Ein Themenabend auf Arte widmet sich dem Ruhrgebiet im Strukturwandel

Frauen auf’m Pütt, wo gibt’s denn so was! Frauen haben auf der Zeche nichts zu suchen, bringen nur Unglück, davon waren die Kumpel früher fest überzeugt. Aber früher war eben früher, da war Zollverein noch Zeche, eine der größten und modernsten ihrer Zeit, und kein Kulturdenkmal. Heute ist der Zollverein Weltkulturerbe, und da darf eine Frau wie Jutta Spranger-Novaczick, deren Vater und Schwiegervater, deren Großvater und Urgroßvater Bergleute waren, eben Besuchergruppen über das imposante Gelände führen und von früher erzählen.

Anhand von zwei (miteinander verwandten) Familien und drei Generationen erzählt Florian von Stetten vom Ruhrgebiet: Wie es ist, und wie es mal war. Er tut es mit Tempo und Witz, mit Sympathie, aber ohne Nostalgie. So wird das, was man so abstrakt „Strukturwandel“ nennt, plötzlich lebendig. Was für ein Kontrast zu dem Film über Krupp („Vom Mythos zum Global Player“), der den Arte-Themenabend übers Ruhrgebiet, zu dem auch der Visconti-Film „Die Verdammten“ gehört, am Sonntag ungerechterweise eröffnet – während „Glück auf – Drei Leben auf Zeche" erst gezeigt wird, wenn die meisten Zuschauer im Bett liegen: nach Mitternacht.

Sicher ist die Geschichte der Krupps, der Stahlschmiede, die von Kaisern, Diktatoren und Bundeskanzlern hofiert wurde, spannend. Aber die Filmemacher machen nichts daraus. Sie erzählen einfach chronologisch runter, unterlegen die Bilder mit ebenso vorhersehbarer wie bedeutungsschwangerer Musik und lassen über die Entwicklung der Nachkriegszeit dann nur die Top-Manager zu Wort kommen – und niemanden, der ihrer (Selbst-)Darstellung etwas entgegensetzen würde. Auch keinen, der einmal erzählt, was diese gewaltige Firma, bei der Zehntausende arbeiteten, für die Stadt Essen, für die Menschen dort bedeutet hat. Sicher ist Berthold Beitz ein äußerst spannender Mann, wie man gerade zu seinem 90. Geburtstag überall lesen konnte.

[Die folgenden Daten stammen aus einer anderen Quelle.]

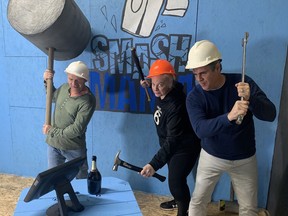 Mike Smith (left), CEO of RPlaces Transition Centre, Jenn Hatfield, a Six Nations Polytechnic student, and Lance Calbeck, president of the centre's board of directors, get ready for Smash Mania, a fundraiser planned for Dec. 3-5.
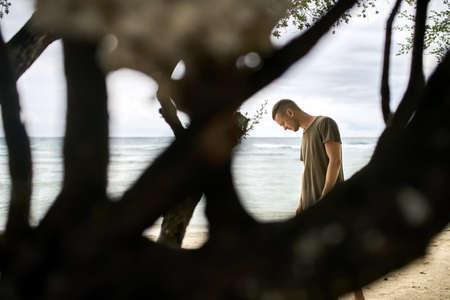 Handsome guy stands on tropical sand beachの写真素材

Aber dann hätte man lieber ein Porträt nur über ihn gesehen.

Florian von Stetten dagegen macht sich nicht gemein mit einer Seite. Er zeigt, wie die verschiedenen Welten gerade auf dem Zollverein aufeinander prallen, hier die Kumpel, die im Casino fassungslos vor ihrem Kalbscarpaccio auf Rucola sitzen, dort die Touristen, auch die aus der eigenen Stadt, die die Zeche plötzlich schick finden. Der Filmemacher kommentiert das nicht, er komponiert Menschen und Bilder zu einem Chor mit vielen Stimmen. Wobei er die Musik intelligent und überraschend einzusetzen weiß. „Glück auf" schafft es, Klischees – wie das Bergmannslied „Glück auf“ – aufzugreifen, ohne sie platt zu treten. Also: Wenn Sie morgen früh aufstehen müssen – stellen Sie Ihren Videorekorder an.

Arte-Themenabend, „Das Ruhrgebiet – Eine deutsche Geschichte“: ab 20 Uhr 40.